Atop her adoring mare, Larson has seen some of the most memorable, pristine sights in America. One day, they were traversing the Goat Rocks Wilderness in the Cascades mountain range, in southern Washington state; it was towards the end of their second PCT ride, and the day was gloomy and overcast; reaching a particularly dramatic section of trail called Knife’s Edge, where the hike crosses the spine of a mountain ridge, she saw something unforgettable.
“All the sudden, the cloud cover dropped and we rose up into a brilliant blue sky, with a clear view all the way to snowcapped Mt. Rainer ahead and Mt. Adams behind,” she shared. “It was absolutely glorious, and it matched my mood of admiration and gratitude for the sure-footed skill of my horse in navigating the treacherous terrain.
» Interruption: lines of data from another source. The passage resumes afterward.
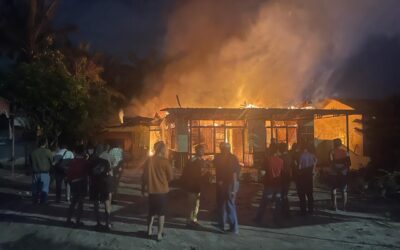 Sijago Merah Lalap Rumah dan 4 Unit Sepeda motor di Pantai Labu
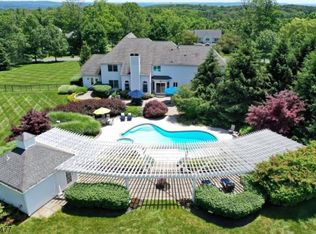 9 Apple Ln, Califon, NJ 07830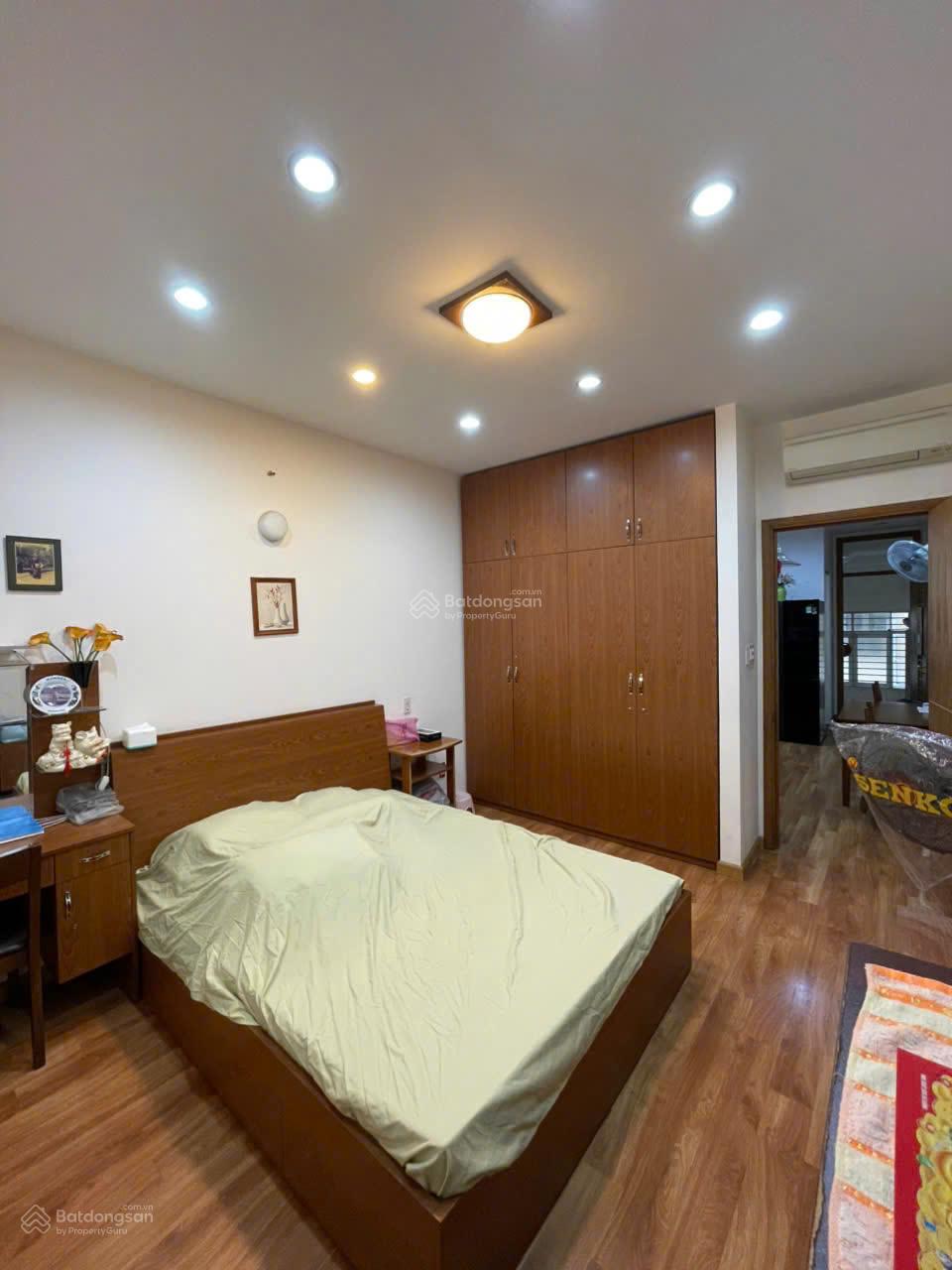 Bán Nhà Khu Vip Cư Xá Nguyễn Trung Trực 436B Đường 3/2 (P12, Quận 10) - 3.7 x 18m, Lửng 3 Lầu ST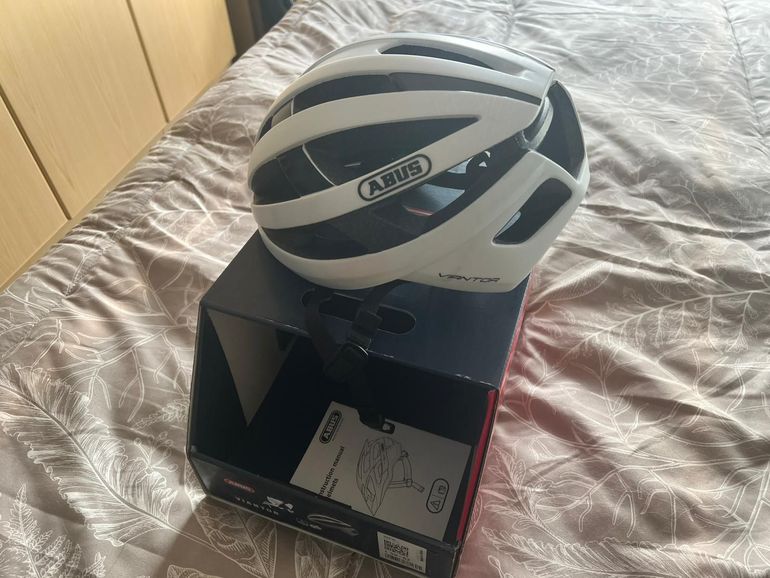 Použité ABUS Viantor Road Helmet bike — obrázek 6 z 6
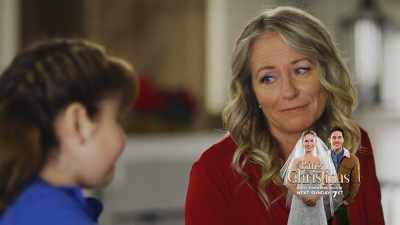 Everytime she cashes them
out to me, I'll do things - A Very Country Christmas Homecoming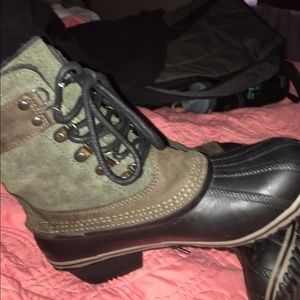 SOREL DUCK BOOTS 7.5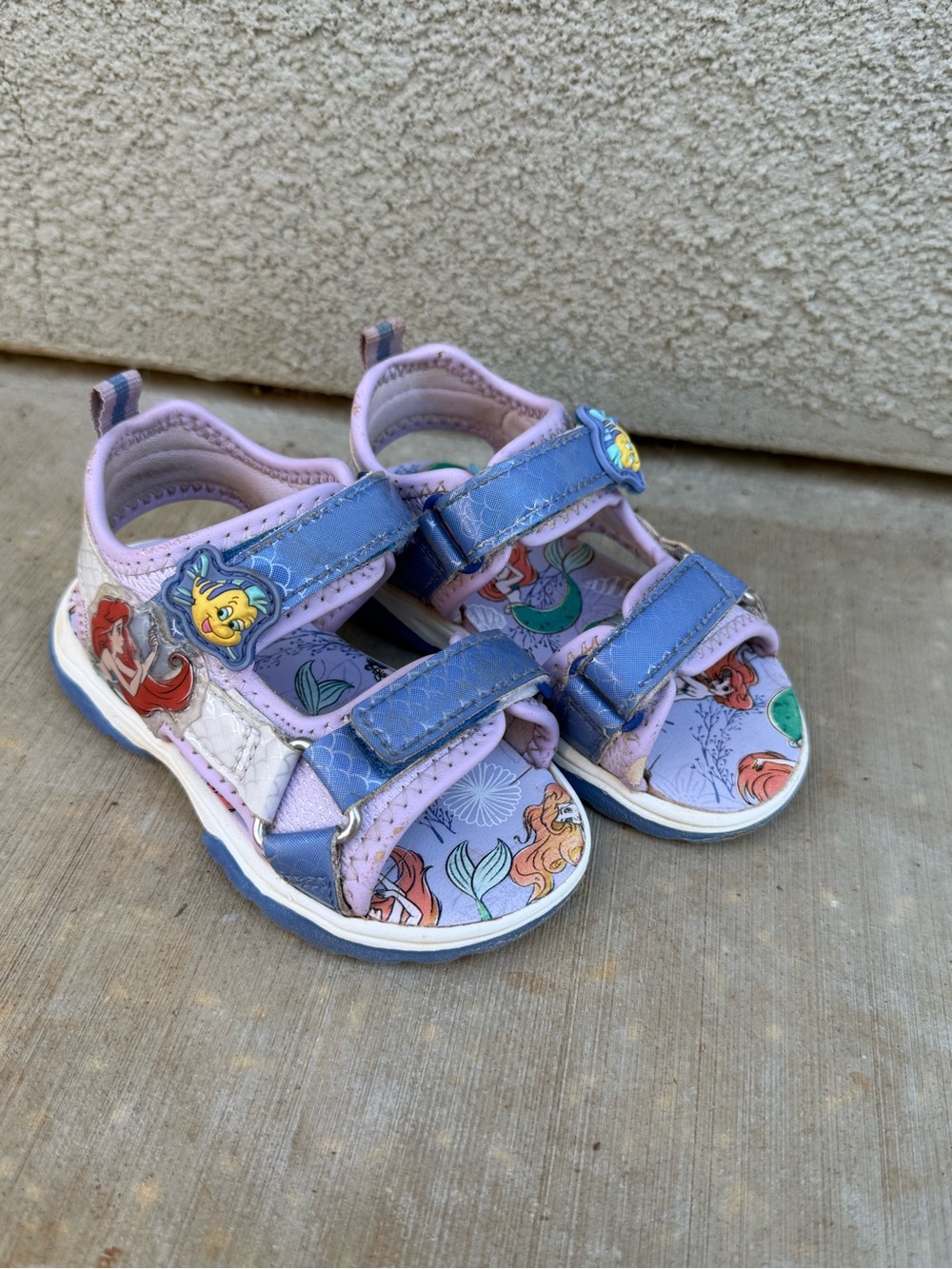 Disney Little Mermaid light-up Sandals with Flounder Charm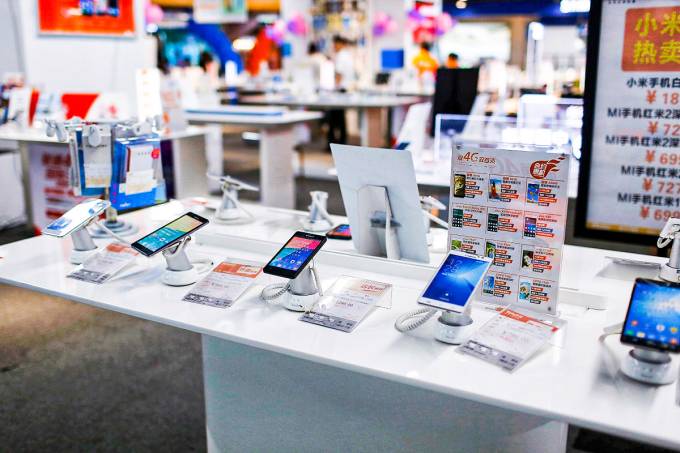 2020-11-13T143029Z_1_LYNXMPEGAC131_RTROPTP_4_TECH-SMARTPHONES-CHINA-1-1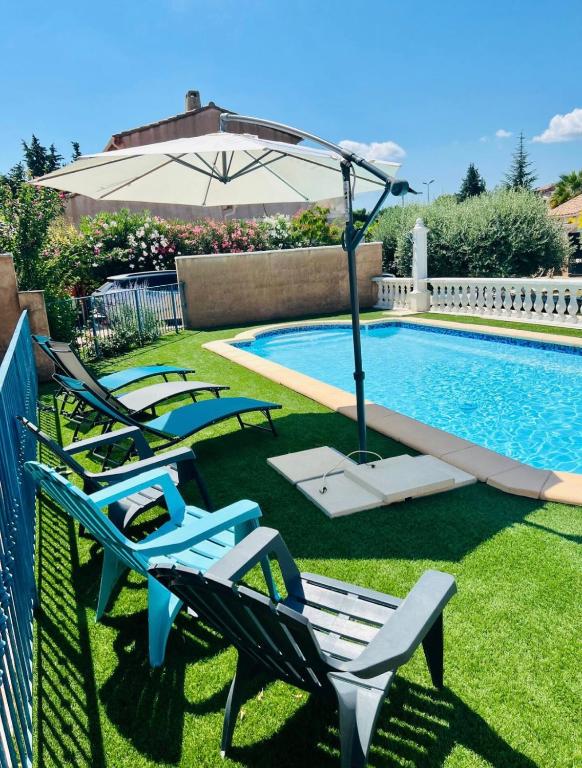 Appartement Studio indépendant dans propriété avec piscine Les Moulières 83660 Carnoules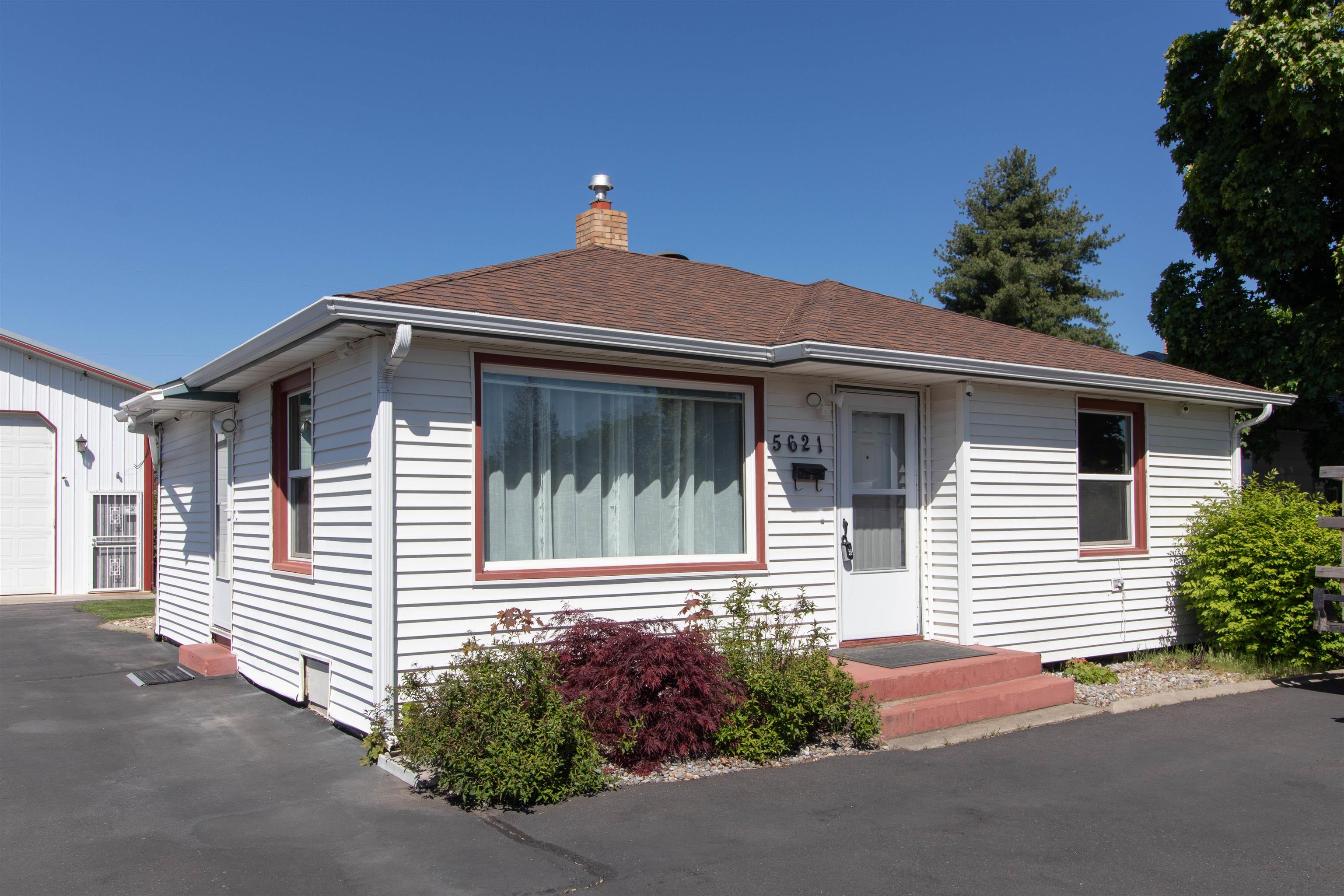 5621 N Hemlock St - Photo 1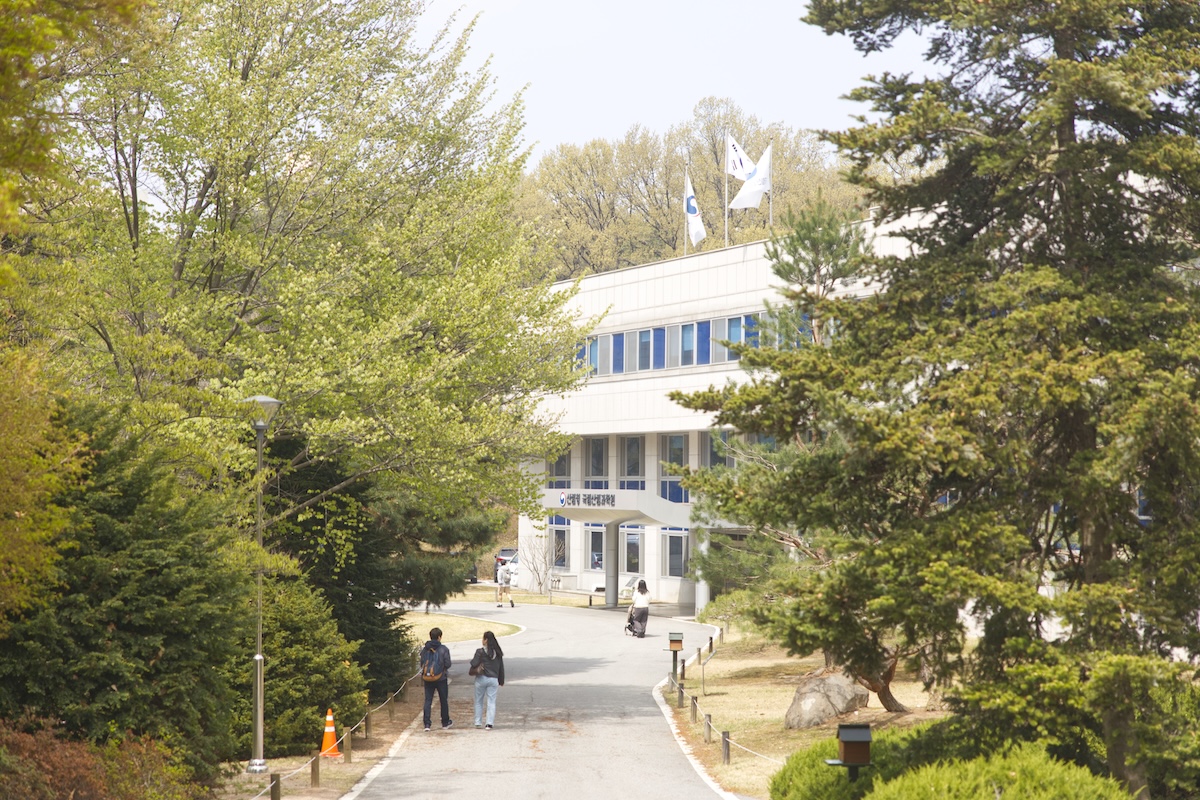 벌써 2만 명 몰린 그곳! '평일 확대 개방' 홍릉숲 직접 가보니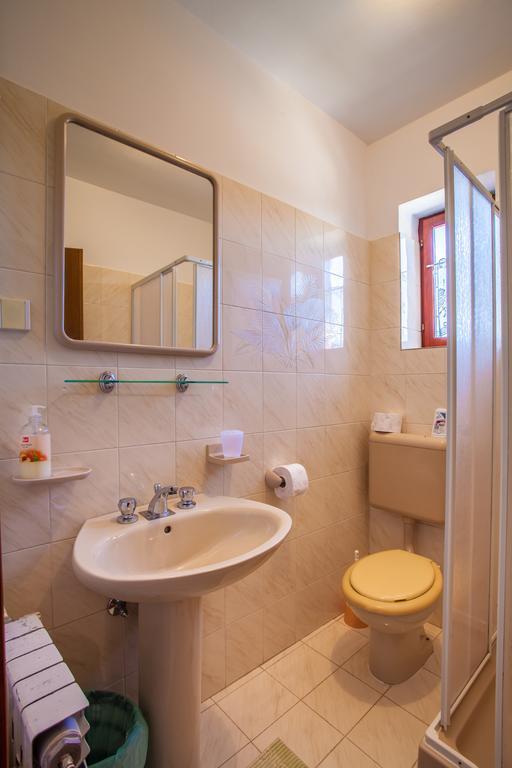 Rooms Kucic Cres Exterior foto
“I thrilled to the sheer beauty of the scene, with the clouds rolling beneath us like waves and the late afternoon sun touching everything with a golden glow. It is one of my all-time favorite moments from any of my rides … just a feeling of pure joy.”
Yet, thru-riding takes tremendous physical and mental fortitude, riding for 10 to 12 hours a day for days on end, alone in the wild, caring for animals.
“Yes, they are often carrying me on the trail, although the reality is that I walk a lot every day—5 or 10 miles at least—so I am not just a passenger,” she said.
“A very important principle of thru-riding for me is to always put the welfare of my horses as a top priority, which means making sure they are comfortable and well-fed and rested when we are in camp and that they receive special shoeing and hoof care to keep their feet strong and healthy.”
Moments like what Larson described make it more than worth it, she says—as do the transformative experiences horse packing through backcountries bequeaths.
“It changed the way I saw the world and what was important,“ she added. ”Riding a difficult, remote trail, where life goes by at three miles an hour, where each day has a clear goal of getting safely to the next campsite, where simple things like water, food, a warm meal and a warm bed take on a new importance, where the physical and emotional bond between you and your horse becomes your strongest connection to another living creature—all this changes the way you see the world, and the way you see yourself.”